If, instead, we ask what items have expired as of January 1, 2020::
>>> for item, criterion in expiration.find_expired_items(items, attrgetter('expiration'),
... expiration_rules,
... asof_timestamp=datetime(2020, 1, 1)):
... print(item)
Item(name=3, expiration=datetime.datetime(2014, 2, 1, 0, 0))
Item(name=4, expiration=datetime.datetime(2014, 2, 2, 0, 0))
Item(name=4, expiration=datetime.datetime(2014, 7, 1, 0, 0))
Item(name=5, expiration=datetime.datetime(2014, 7, 25, 8, 0))
Item(name=6, expiration=datetime.datetime(2014, 7, 25, 9, 0))
Item(name=7, expiration=datetime.datetime(2014, 7, 25, 10, 0))

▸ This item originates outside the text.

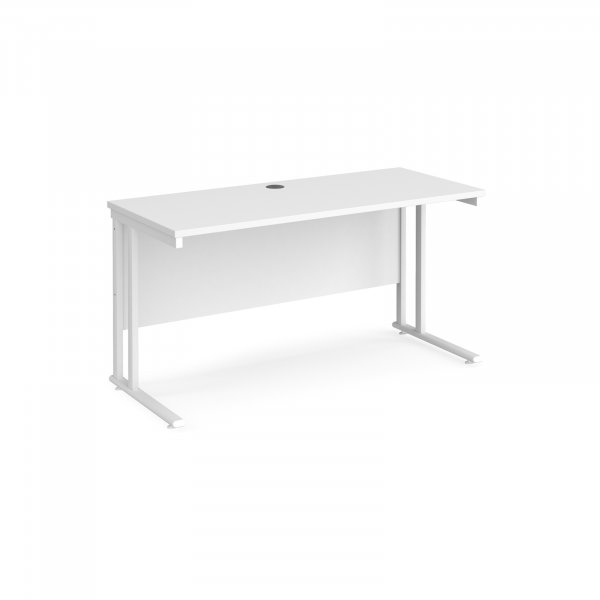 Straight Cantilever Desk | 1400w x 600d mm | White Top | White Frame | Maestro 25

The only items that would be kept are 1 and 2, since they're the first
items at the start of each year, which has an infinite expiration
time.
Limitations
===========
Because `find_expired_items` only compares one item at a time to the
rules, it can effectively only implement "first of" rules. That is,
apply a criterion to the first backup of the year, or the first one of
the month, etc. It cannot currently implement rules like "keep the
second backup of the month". If you did delete the first backup and
kept the second one, then the next time `find_expired_items` ran, it
would see what used to be the second item as now being the first one.
Change log
==========
1.0 2016-10-27 Eric V. Smith
----------------------------
* Always require setuptools (issue #1).
* Remove hack to modify RPM name (issue #2).
* No code changes.
0.1 2014-12-15 Eric V. Smith
----------------------------
* Initial release.